- Henry C. Middaugh House
- Formerly listed on the U.S. National Register of Historic Places
- Location: 66 Norfolk Ave Clarendon Hills, DuPage County, Illinois, U.S.
- Coordinates: 41°48′7″N 87°57′1″W﻿ / ﻿41.80194°N 87.95028°W
- Architectural style: Queen Anne
- NRHP reference No.: 78003105

Significant dates
- Added to NRHP: September 21, 1978
- Removed from NRHP: August 14, 2004

= Henry C. Middaugh House =

Historic house in Illinois, United States

The Henry C. Middaugh House was a historic residence in Clarendon Hills, Illinois. The Queen Anne residence was built on the north side of the Chicago, Burlington and Quincy Railroad railroad station before Clarendon Hills was even platted. It was added to the National Register of Historic Places in 1978. However, a Catholic church purchased the property in 2002 so that it could expand, and the house was demolished shortly thereafter.

==History==
Henry C. Middaugh was a Chicago banker who purchased 270 acre in the Village of Clarendon Hills in 1869. The land was just north of the Chicago, Burlington and Quincy Railroad. When Clarendon Hills was platted in 1873, Middaugh was acknowledged as one of the first residents. He later served as DuPage School Director and was a member of the DuPage County Board of Supervisors. Aside from his banking ventures, Middaugh made his fortune by producing lumber and sash window frames.
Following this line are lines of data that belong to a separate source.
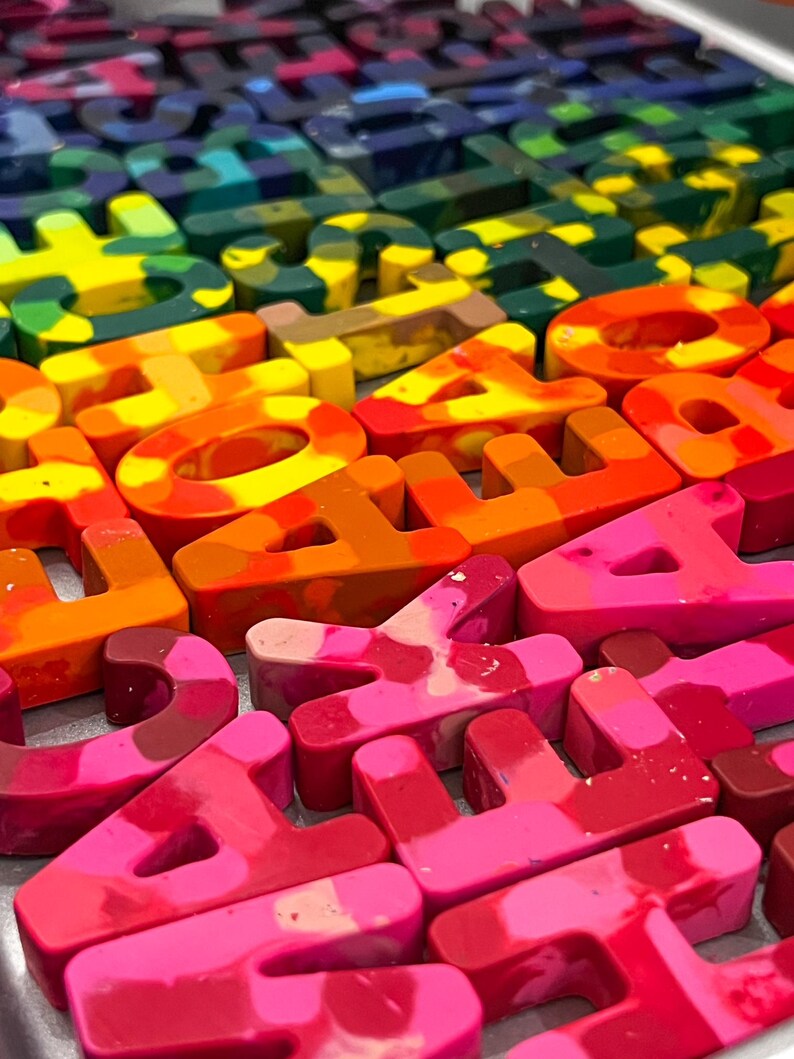 May include: A close-up of letter-shaped crayons in a rainbow of colours. The crayons are arranged in rows, with each letter a solid block of colour. The colours range from red and orange to green, blue, and purple, ideal for art projects.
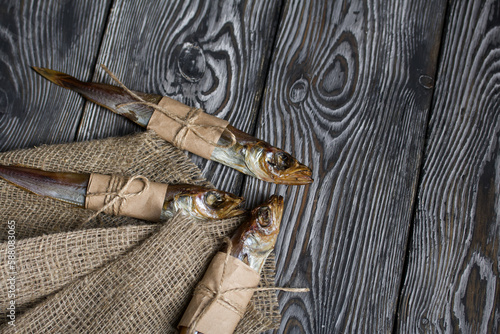 Putassu Cold smoked. The fish is wrapped with a strip of paper. Tied with linen twine. Lies on pine boards. Linen fabric. Close-up. photo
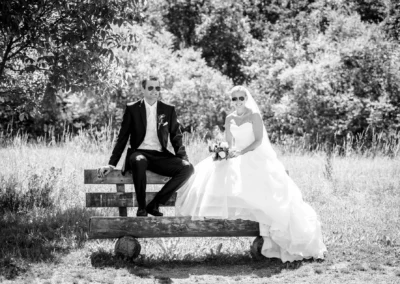 Brautpaar mit Sonnenbrillen auf Holzbank in ländlicher Umgebung, Taufkirchen bei München, Hochzeitsfoto.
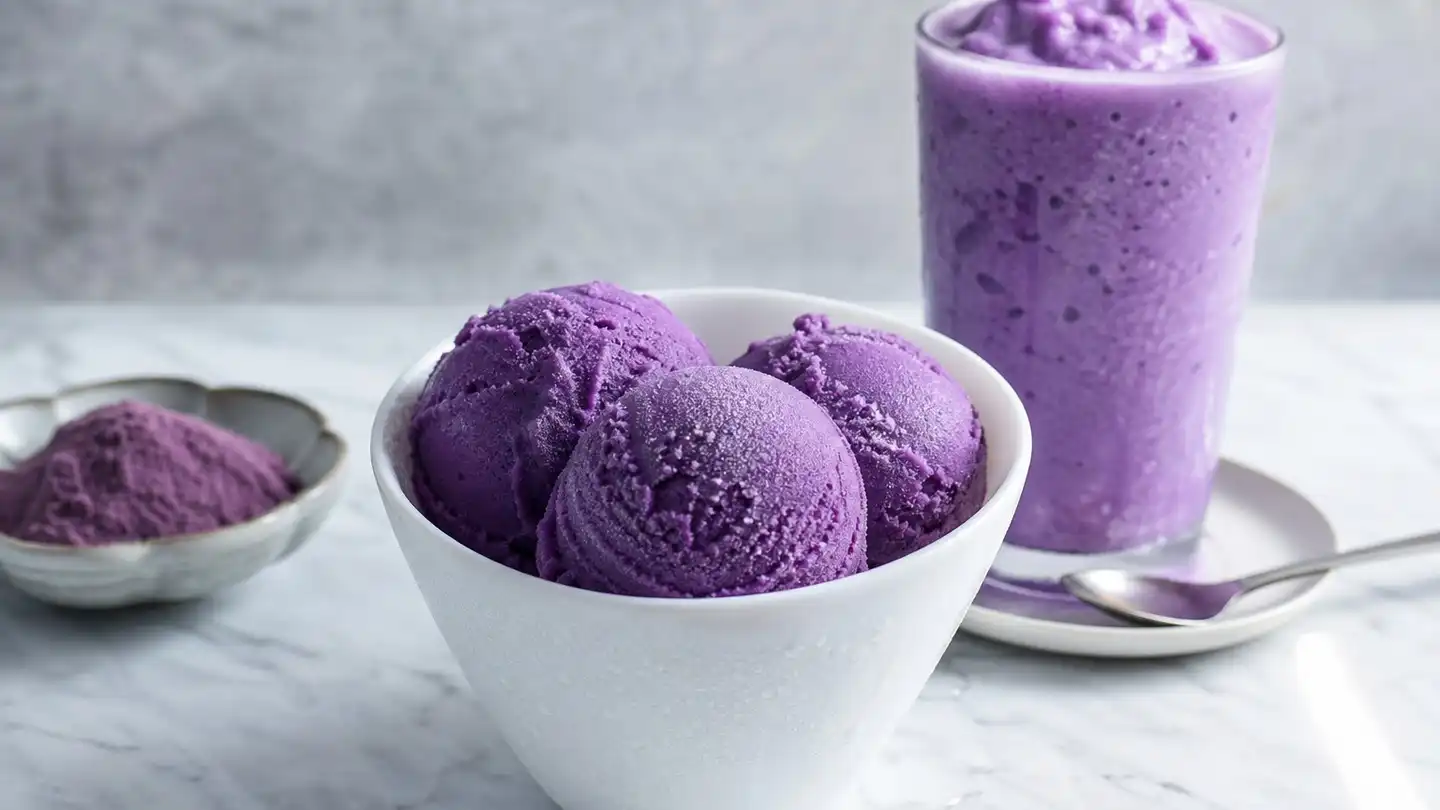 Three scoops of purple yam ice cream in a white bowl beside a tall glass of purple frozen shake on a marble counter
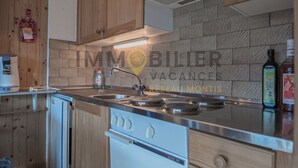 A modern kitchen with wooden cabinets, a stainless steel sink, and a built-in oven. - Spacious 2.5-room apartment with TV and Wi-Fi, south-west facing, with 2 large balconies, ideal for (St-Luc)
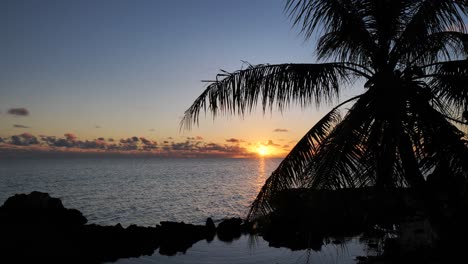 Long-shot-of-sunset-and-evening-sky-over-the-Lagoon-of-Fakarava,-French-Polynesia,-south-pacific-ocean-with-reflexions-on-the-calm-water-surface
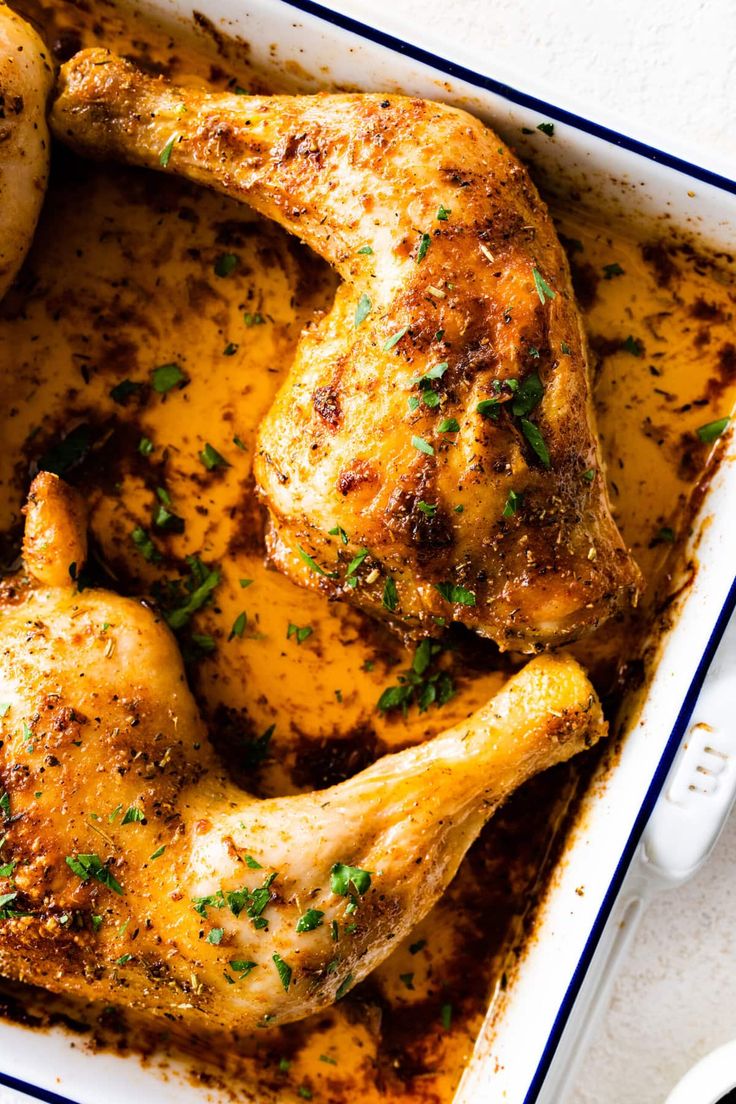 a chicken in a casserole dish with garnishes on the side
His brick house was two-and-a-half stories tall on a stone foundation. The Queen Anne style house featured a tower, typical of Queen Anne houses of the time. A square porch in the front had elements of Romanesque Revival. The only major alteration occurred in the 1930s, when a second porch was added when the house functioned as a senior citizens. The house featured twenty rooms with hardwood floors. The main hall had a carved, winding staircase to the second floor. The dining room had a small, simple fireplace of mosaic tile. A dumbwaiter could carry food and drink to the upper floors. The third floor was used as a ballroom with a door to the tower, allowing a view of the property. The house was added to the National Register of Historic Places on September 21, 1978.

Middaugh's property was, at some point, sold to the Sisters of Christian Charity. This piece of property was sold in 1953 so that Bishop Martin McNamara could build the Notre Dame Church to serve the needs of the growing Catholic community in Clarendon Hills. They intended to build an expansion to the church that would require the destruction of the historic house. The Henry C. Middaugh House was demolished in June 2002 and removed from the National Register of Historic Places on August 14, 2004.